| Exercise brief |
Only one portion of the data is to be written out: from the line bearing "Mãos digitando em" through the line bearing "Un comedor con". Write it exactly as it appears.

| Records excerpted from a collection |
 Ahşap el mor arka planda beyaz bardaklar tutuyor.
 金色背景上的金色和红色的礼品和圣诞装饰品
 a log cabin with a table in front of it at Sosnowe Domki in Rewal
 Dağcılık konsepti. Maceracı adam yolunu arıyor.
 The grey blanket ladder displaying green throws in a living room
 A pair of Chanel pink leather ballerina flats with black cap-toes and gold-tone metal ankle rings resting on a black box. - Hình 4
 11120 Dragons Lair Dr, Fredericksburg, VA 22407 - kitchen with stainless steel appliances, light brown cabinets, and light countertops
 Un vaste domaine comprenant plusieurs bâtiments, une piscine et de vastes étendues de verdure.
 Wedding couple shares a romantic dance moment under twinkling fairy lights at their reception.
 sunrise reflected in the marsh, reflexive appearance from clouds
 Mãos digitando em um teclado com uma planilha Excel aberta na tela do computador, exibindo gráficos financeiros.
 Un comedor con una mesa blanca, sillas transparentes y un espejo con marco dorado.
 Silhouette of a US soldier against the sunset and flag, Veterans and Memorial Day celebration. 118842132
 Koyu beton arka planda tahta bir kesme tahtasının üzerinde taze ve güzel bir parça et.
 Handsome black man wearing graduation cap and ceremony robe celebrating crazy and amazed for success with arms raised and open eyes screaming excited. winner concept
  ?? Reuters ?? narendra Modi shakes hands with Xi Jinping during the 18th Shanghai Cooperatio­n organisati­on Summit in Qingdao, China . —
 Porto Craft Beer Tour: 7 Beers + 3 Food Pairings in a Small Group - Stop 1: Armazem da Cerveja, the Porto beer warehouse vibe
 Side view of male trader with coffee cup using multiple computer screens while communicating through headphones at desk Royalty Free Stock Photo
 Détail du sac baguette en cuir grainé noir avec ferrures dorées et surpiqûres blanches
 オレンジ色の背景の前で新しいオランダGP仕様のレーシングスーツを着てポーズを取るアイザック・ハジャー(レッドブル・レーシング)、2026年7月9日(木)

| Response below |
 Mãos digitando em um teclado com uma planilha Excel aberta na tela do computador, exibindo gráficos financeiros.
 Un comedor con una mesa blanca, sillas transparentes y un espejo con marco dorado.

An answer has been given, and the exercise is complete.